Starting from the line with "Modern Crystal Chandeliers", please copy exactly every line to the end of the listing, but not the pictures.

> [INPUT DATA]
=== Begin Enclosure ===
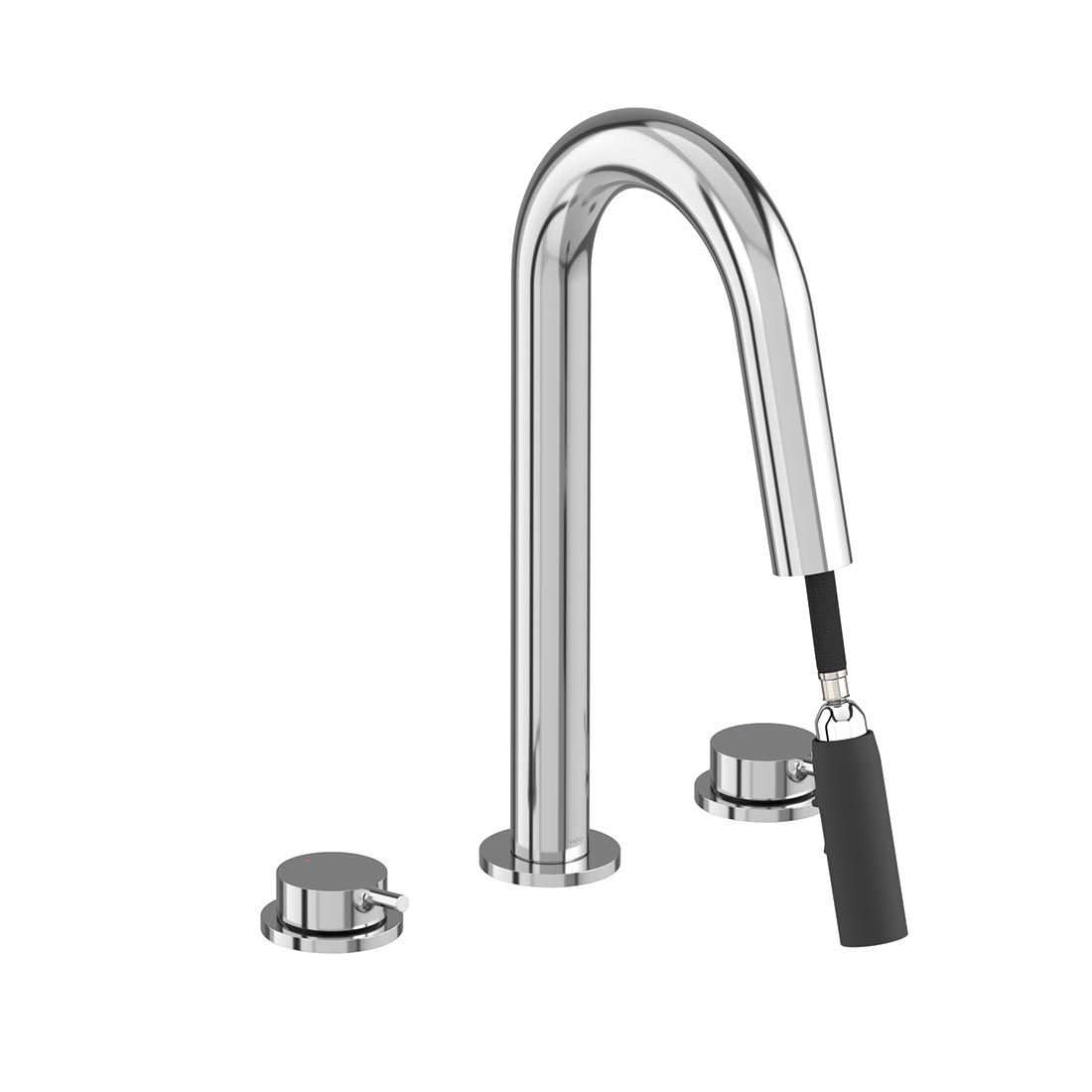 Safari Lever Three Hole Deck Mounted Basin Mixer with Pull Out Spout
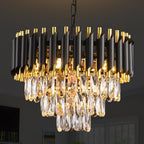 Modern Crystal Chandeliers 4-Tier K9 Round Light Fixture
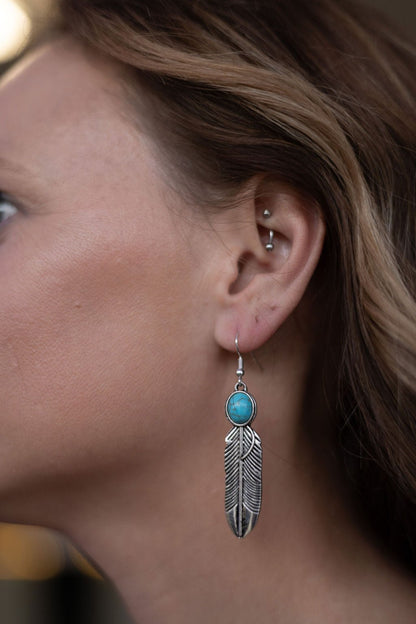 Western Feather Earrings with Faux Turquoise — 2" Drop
=== End Enclosure ===
> [COMPLETED EXERCISE]
 Modern Crystal Chandeliers 4-Tier K9 Round Light Fixture
 Western Feather Earrings with Faux Turquoise — 2" Drop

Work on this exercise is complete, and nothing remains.